A luta das mulheres deve integrar também os homens?

As mulheres precisam de espaços para discutir e têm de ter liberdade para criar esses espaços. Também é papel dos homens juntarem-se à luta das mulheres, ter a sensibilidade de perceber que muitas vezes as mulheres não conseguem intervir da mesma forma, num espaço como um debate, quando há 10 homens a falar, uma mulher a falar e as outras todas caladas. Há circunstâncias que são inibidoras da participação das mulheres, já para não falar das que estão em casa e, portanto, os homens é que estão mais nesses espaços de discussão e sociais. A luta das mulheres é a luta das mulheres, as mulheres é que têm que definir como se organizam e em que moldes. Mas é evidente que passa pela discussão com os homens, porque passa pela discussão com todos. A luta das mulheres nunca poderá ser bem sucedida se não houver uma grande transformação das mentalidades e dos valores e isto deve fazer-se em discussão com os homens, sobretudo aqueles que estão do lado de cá da barricada.

“Há circunstâncias que são inibidoras da participação das mulheres, já para não falar das que estão em casa e, portanto, os homens é que estão mais nesses espaços de discussão e sociais.”

Como se sentiu, enquanto mulher, quando soube do caso de Giselle Pelicot, violada em grupo durante anos (incluindo pelo marido), e sobre as notícia de que há canais no Telegram em Portugal onde dezenas de milhares de homens trocam fotos íntimas de mulheres sem autorização?

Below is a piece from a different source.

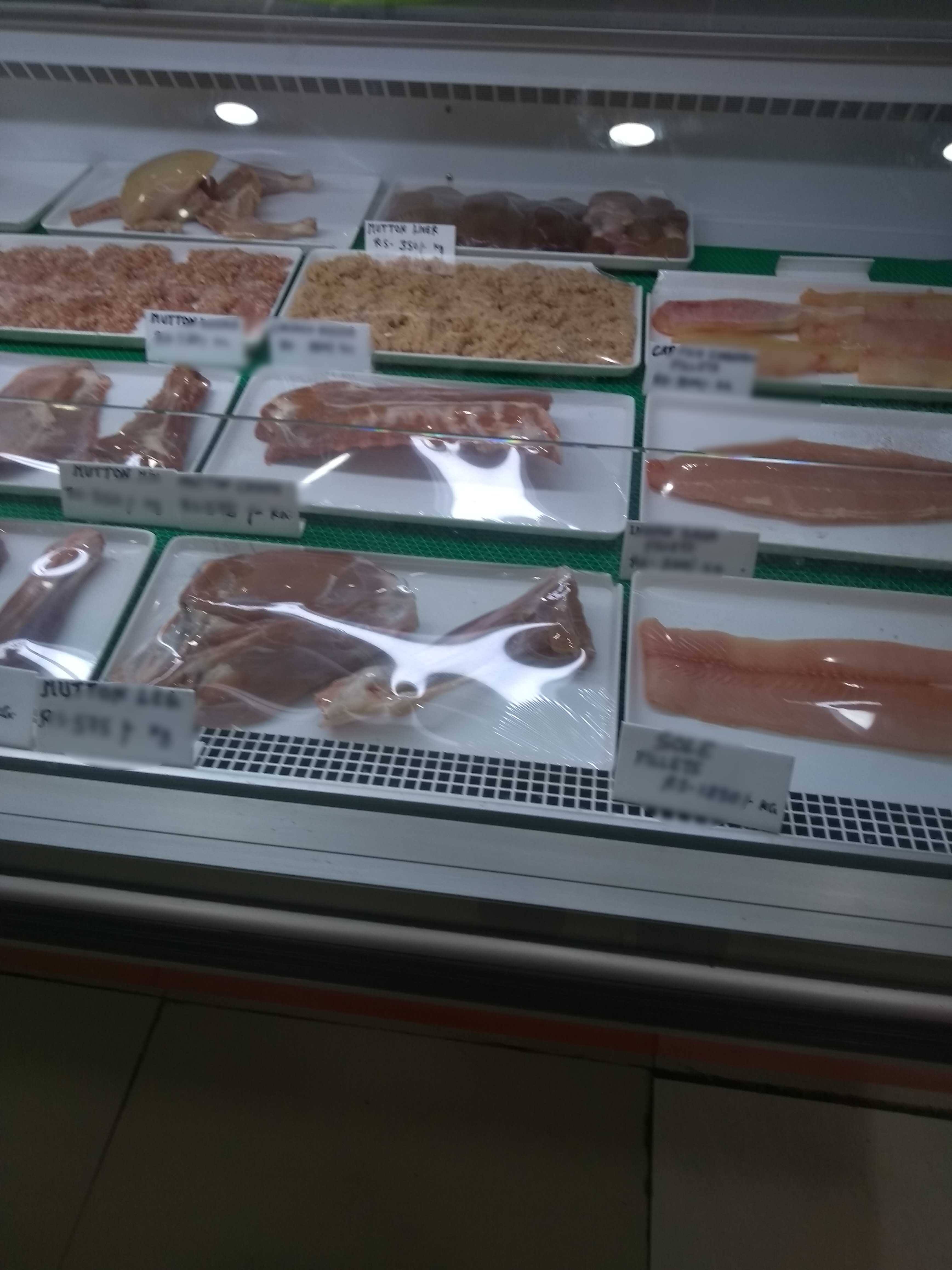 Choices Meats & More Menu, Menu for Choices Meats & More, Sector 50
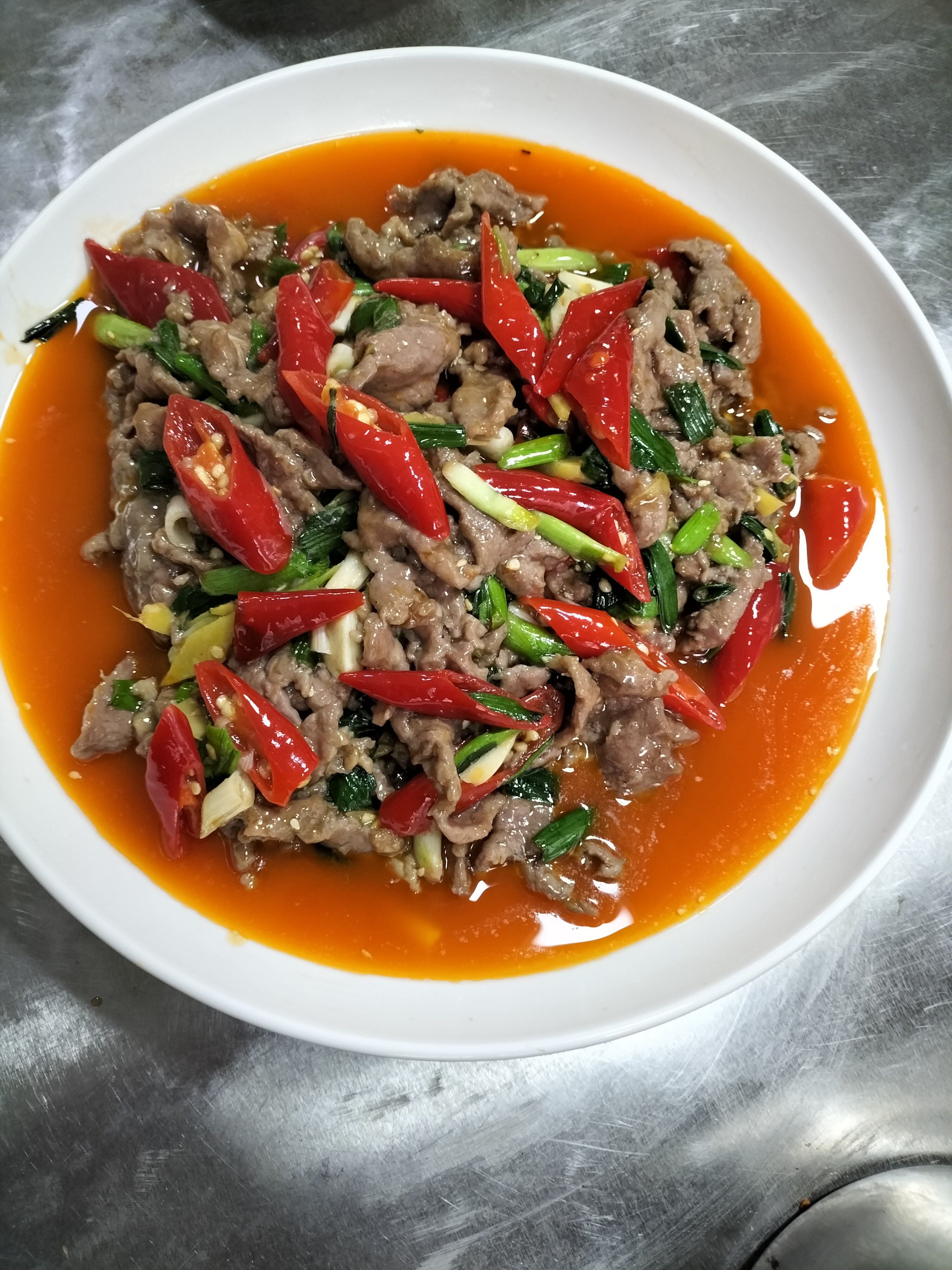 开心饭庄(新街店)餐厅图片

É um caso muito chocante. Tem uma série de pormenores que são chocantes, mesmo para quem já possa ter uma ideia de que estas coisas são muito comuns e generalizadas. O facto de isto surgir agora é importante porque leva-nos a pensar coisas que se calhar há 10 anos não pensaríamos, estas lógicas de que “o problema são os imigrantes” [que têm vindo a ser associados, pelas forças de extrema direita e com impacto mediático, a casos de violência sexual na Europa]. Não são. E há aqui questões psicológicas muito importantes. Haverá aqui, provavelmente, algum tipo de distúrbio, é muito mais complicado do que a relação que existe entre os homens e a pornografia, por exemplo, que já é problemático. Ou entre os homens e a prostituição, que também é muitíssimo problemático. Ficamos a pensar até do ponto de vista das gerações. Como é que isto se pode abordar do ponto de vista da sociedade como um todo? Não sei quais as respostas, senão transformar todo o sistema e a forma como se lida com a sexualidade desde muito cedo.

A violência doméstica continua a ser o crime mais praticado em Portugal. Contudo, parece que não é uma prioridade quando se fala de criminalidade.

É um problema com muitos fatores relacionados com a integração social, o trabalho, o consumo de substâncias, com questões psicológicas mais profundas. Não me parece que seja um tipo de criminalidade que deixe de existir porque passa a haver penalização. É evidente que há problemas muito objetivos quando essas mulheres já denunciaram uma ou duas vezes e continuam a estar expostas àquela pessoa, não conseguem que a justiça as proteja e acabam assassinadas. Mas isso, digamos, é o fim, o último momento do problema. O problema começa muito antes e aí é que deveria haver mais meios para se conseguir pensar de forma mais profunda em relação às origens e aos fatores que levam estas situações a acontecer.